## Extract data(split columns)

In [4]:
import pandas as pd
import numpy as np
import re


initial_data = pd.read_csv("Snappfood.csv", sep="\t", encoding="utf-8-sig")
filtered_data = initial_data.dropna(subset=["comment", "label", "label_id"])
new_data = pd.DataFrame()
new_data["comment"] = filtered_data["comment"].dropna().values
new_data["label"] = filtered_data["label"].str.lower().dropna().values
new_data["label_id"] = filtered_data["label_id"].dropna().values.astype(np.int8)
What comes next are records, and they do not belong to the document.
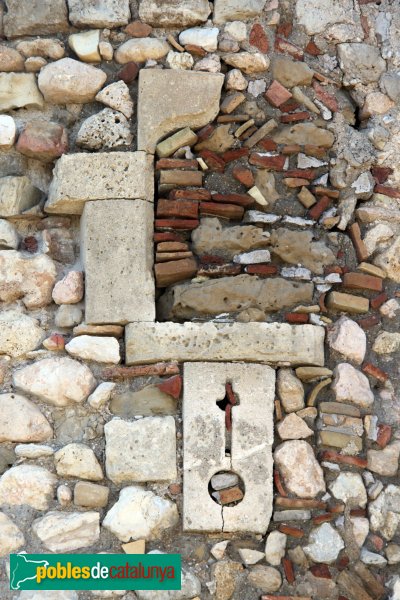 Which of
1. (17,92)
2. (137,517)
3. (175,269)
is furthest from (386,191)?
(137,517)

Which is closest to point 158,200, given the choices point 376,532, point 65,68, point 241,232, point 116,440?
point 241,232

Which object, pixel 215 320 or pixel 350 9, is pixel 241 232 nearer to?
pixel 215 320

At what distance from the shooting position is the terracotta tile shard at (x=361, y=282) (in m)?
4.46

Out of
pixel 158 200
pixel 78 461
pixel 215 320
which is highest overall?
pixel 158 200

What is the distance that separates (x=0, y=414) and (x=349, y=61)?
7.69ft

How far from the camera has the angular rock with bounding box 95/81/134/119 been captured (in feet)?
14.8

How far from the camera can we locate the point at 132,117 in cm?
454

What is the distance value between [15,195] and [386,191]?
1740mm

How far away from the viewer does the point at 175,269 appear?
439 cm

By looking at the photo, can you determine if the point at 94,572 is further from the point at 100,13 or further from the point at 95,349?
the point at 100,13

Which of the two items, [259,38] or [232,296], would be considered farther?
[259,38]

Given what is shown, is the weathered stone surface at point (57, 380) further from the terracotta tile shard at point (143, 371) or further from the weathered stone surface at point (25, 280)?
the weathered stone surface at point (25, 280)

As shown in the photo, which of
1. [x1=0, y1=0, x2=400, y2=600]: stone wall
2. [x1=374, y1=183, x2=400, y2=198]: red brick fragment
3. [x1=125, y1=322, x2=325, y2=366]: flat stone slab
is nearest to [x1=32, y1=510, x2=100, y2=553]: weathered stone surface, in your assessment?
[x1=0, y1=0, x2=400, y2=600]: stone wall

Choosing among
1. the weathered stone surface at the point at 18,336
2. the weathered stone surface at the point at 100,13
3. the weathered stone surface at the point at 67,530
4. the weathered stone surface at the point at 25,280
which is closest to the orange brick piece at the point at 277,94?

new_data.to_csv("new_data.csv",encoding="utf-8-sig" ,index=False)


## Data cleaning (remove words with one character adn other signs like: ! ?)

In [5]:
def is_persian(word):
    return bool(re.fullmatch(r'[آ-یءئاآبپتثجچحخدذرزژسشصضطظعغفقکگلمنوهی]+', word))
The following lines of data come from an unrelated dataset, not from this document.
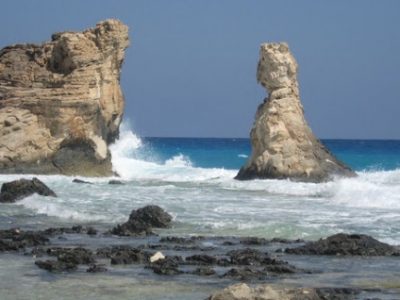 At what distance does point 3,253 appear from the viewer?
14.8m

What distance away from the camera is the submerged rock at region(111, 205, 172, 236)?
18.0 meters

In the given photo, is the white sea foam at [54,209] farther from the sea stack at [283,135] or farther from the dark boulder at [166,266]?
the sea stack at [283,135]

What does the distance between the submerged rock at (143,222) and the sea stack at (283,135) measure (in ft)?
50.9

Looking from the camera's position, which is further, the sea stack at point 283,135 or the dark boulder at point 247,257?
the sea stack at point 283,135

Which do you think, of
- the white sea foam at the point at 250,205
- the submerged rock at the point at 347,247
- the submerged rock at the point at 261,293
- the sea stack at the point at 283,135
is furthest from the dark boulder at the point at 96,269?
the sea stack at the point at 283,135

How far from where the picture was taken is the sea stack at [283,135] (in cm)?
3484

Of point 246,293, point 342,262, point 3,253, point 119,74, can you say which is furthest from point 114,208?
point 119,74

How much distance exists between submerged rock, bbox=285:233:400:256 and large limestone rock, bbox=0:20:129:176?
78.0 feet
temp_data = pd.read_csv("new_data.csv", encoding="utf-8-sig")
sad_data = temp_data[(temp_data["label_id"] == 1)]

happy_data = temp_data[(temp_data["label_id"] == 0)]
sad_temp = sad_data["comment"].str.split()

happy_temp = happy_data["comment"].str.split()
happy_flat_words = np.hstack(happy_temp.dropna().tolist())
sad_flat_words = np.hstack(sad_temp.dropna().tolist())

happy_persian = [w for w in happy_flat_words if is_persian(w)]
sad_persian = [w for w in sad_flat_words if is_persian(w)]


## Count repetition of each words in all words and save in separate csv files

In [6]:
unique_words, counts = np.unique(happy_persian, return_counts=True)
happy_df = pd.DataFrame({
    "word": unique_words,
    "count_happy": counts
})
unique_words, counts = np.unique(sad_persian, return_counts=True)
sad_df = pd.DataFrame({
    "word": unique_words,
    "count_sad": counts
})
happy_df.to_csv("happy_words.csv", encoding="utf-8-sig", index=False)
sad_df.to_csv("sad_words.csv", encoding="utf-8-sig", index=False)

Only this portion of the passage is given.